Ketua DPR RI Bambang Soesatyo
INFILTRASI - Ketua DPR RI Bambang Soesatyo mendorong semua institusi terkait menyikapi serius soal data rumah ibadah yang terpapar paham radikal dan temuan Kementerian Dalam Negeri (Kemendagri) tentang komunitas pegawai negeri sipil (PNS) yang menolak Pancasila.
Pria yang disapa Bamsoet itu berharap pemerintah segera merumuskan langkah-langkah strategis guna merespons dua kecenderungan tersebut.
"Sebagai sebuah kecenderungan, kedua masalah ini harus dikelola dengan penuh kebijaksanaan sebelum berkembang menjadi sebuah kekuatan yang mampu merongrong pemerintah atau mengancam keutuhan NKRI," ujar Bamsoet dalam keterangan tertulis, Senin (19/11/2018).
Bamsoet meminta pemerintah dan semua institusi terkait tidak meremehkan dua kecenderungan tersebut karena, jika hal itu dibiarkan, akan berkembang menjadi kekuatan yang mampu merongrong keutuhan NKRI.
Menurut Badan Intelijen Negara (BIN), lanjut Bamsoet, dari 100 masjid milik gabungan kementerian, lembaga, dan BUMN, 41 masjid sudah terpapar paham radikal.
Peinciannya, 11 masjid di kementerian, 11 masjid di lembaga, dan 21 masjid milik BUMN. Sebelumnya, informasi mengenai puluhan masjid yang terpapar paham radikal diungkapkan oleh para cendekiawan dan telah dilaporkan kepada Presiden.
Selain itu, hasil survei oleh Kemendagri menemukan, 19,4 persen PNS di Indonesia tidak setuju dengan ideologi Pancasila.
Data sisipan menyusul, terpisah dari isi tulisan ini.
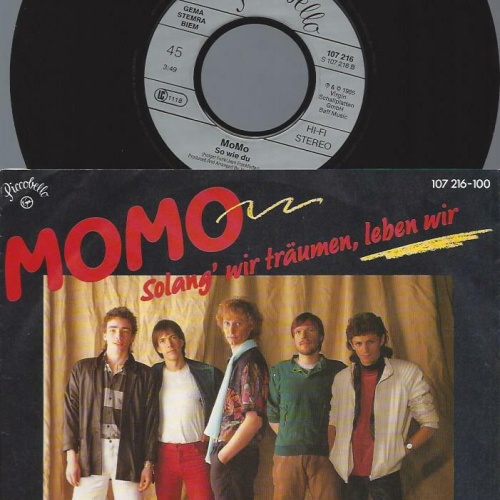 7" Momo   – Solang' Wir Träumen, Leben Wir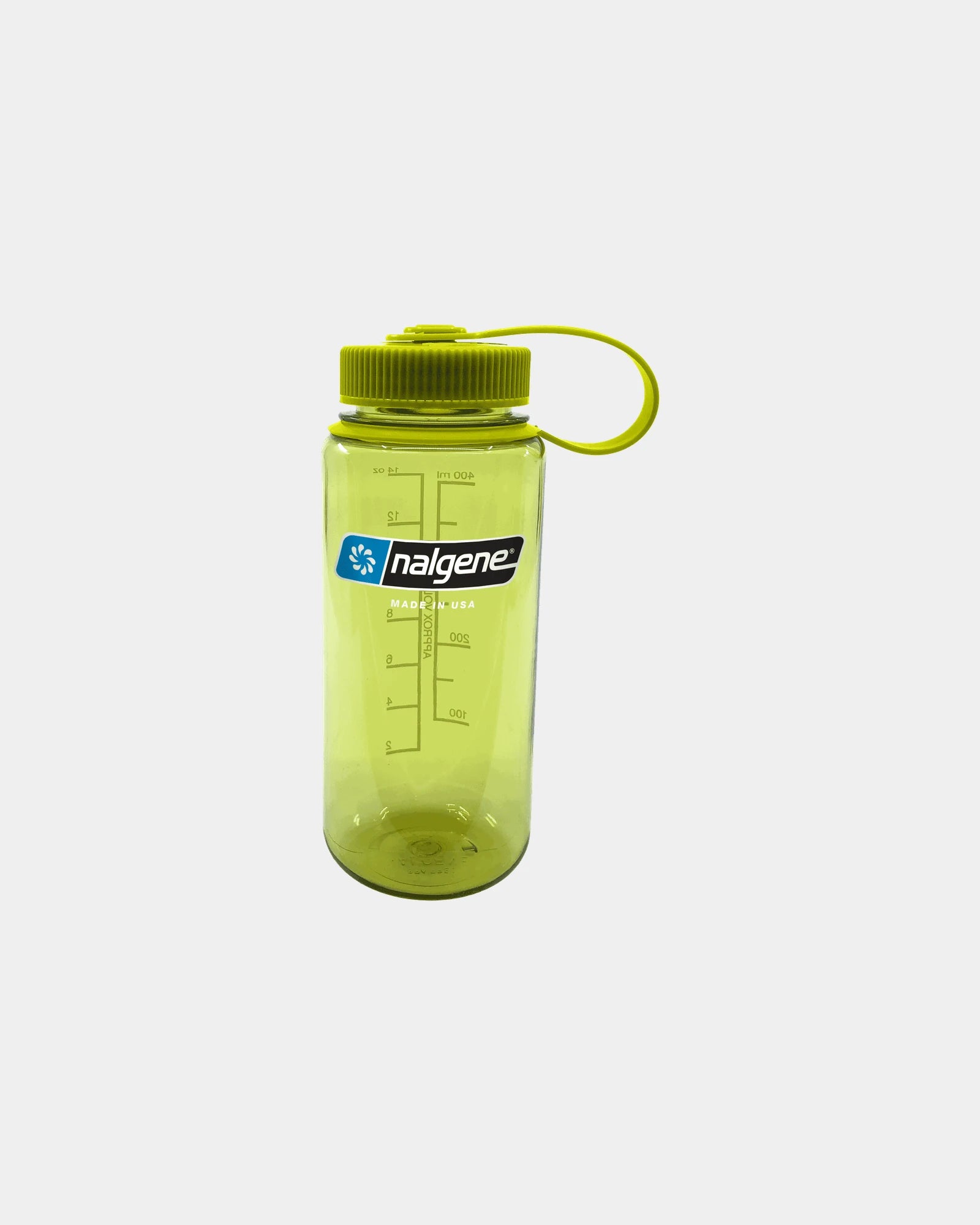 Custom eco-friendly Nalgene Sustain 0.5L water bottle - Spring Green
Dirjen Politik dan Pemerintahan Umum Kemendagri Mayjen (Purn) Soedarmo pun mengingatkan, penolakan terhadap ideologi Pancasila ini telah menyebabkan penurunan ketahanan nasional.
Temuan tentang 19,4 persen PNS yang menolak ideologi Pancasila tersebut, menurut Bamsoet, merupakan hal yang paling mengejutkan. Ia menilai temuan ini menggambarkan bahwa masih ada kelemahan dalam proses rekrutmen PNS pada masa lalu. Ia berharap kelemahan dalam sistem rekrutmen PNS segera diperbaiki.
Karena itu, menurut Bamsoet, sebelum hal itu berakumulasi dan berevolusi menjadi sebuah kekuatan, pemerintah melalui semua institusi terkait hendaknya segera merespons dua persoalan ini dengan sangat serius. Ia menilai pemerintah kecolongan dengan adanya temuan tersebut.
"Karena dua persoalan ini tumbuh dan berkembang di lingkungan birokrasi negara, pemerintah bisa dikatakan sudah kecolongan," pungkasnya.